Redesigned V&A Shop Now Open

The V&A has unveiled its remodelled main shop in the centre of the museum, having undertaken the first redesign of the space in 11 years. The aim is to reflect the ethos of craftsmanship and manufacture that has always been central to the museum, while also creating a beautifully designed space to inspire visitors.

The shop features an area for visitors to view the curated Custom Prints collection, alongside a jewellery pavilion and the ‘pocket studio’ which will focus on a different material every four months, starting with ceramics. The shop will also continue its legacy of working with talented independent designers, including 1882, Nat Thakur and Kristjana Williams, who have created a number of beautiful exclusive ranges.

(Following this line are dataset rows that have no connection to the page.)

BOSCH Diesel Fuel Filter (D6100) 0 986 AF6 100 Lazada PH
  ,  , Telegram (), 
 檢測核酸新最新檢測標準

The plans for the redesign began in 2016 when an international competition was launched to appoint a designer to remodel the space. The contract was won by Friend and Co Architects, working with Rashid Ali Projects and Millimetre Design, a collective of designers and makers who have worked with the V&A staff to create a space that combines function, form and flexibility, with a strong emphasis on revealing the materials used in the project, reflecting the history of the building, which was first opened as the Museum of Manufactures.

Engaging with new creative methods, the designers and in house team have sourced custom-designed ceramic tiles for the floor of the shop, featuring a pattern taken from the design of a Chinese bowl in the V&A collection. The tiles were made with clay using a specially adapted 3D printer at Grymsdyke Farm, a design research facility in the Chilterns.

Comments Philippa Simpson, Project Director, ‘The redevelopment of the shop is part of the museum’s FuturePlan project, an ambitious programme endeavouring to update and modernise facilities while revealing and restoring the beautiful original building. More than 85% of the public spaces in the museum have been transformed over the last 15 years, allowing spaces to be used in new ways, contemporary opportunities for curation and display, and improved access for visitors.’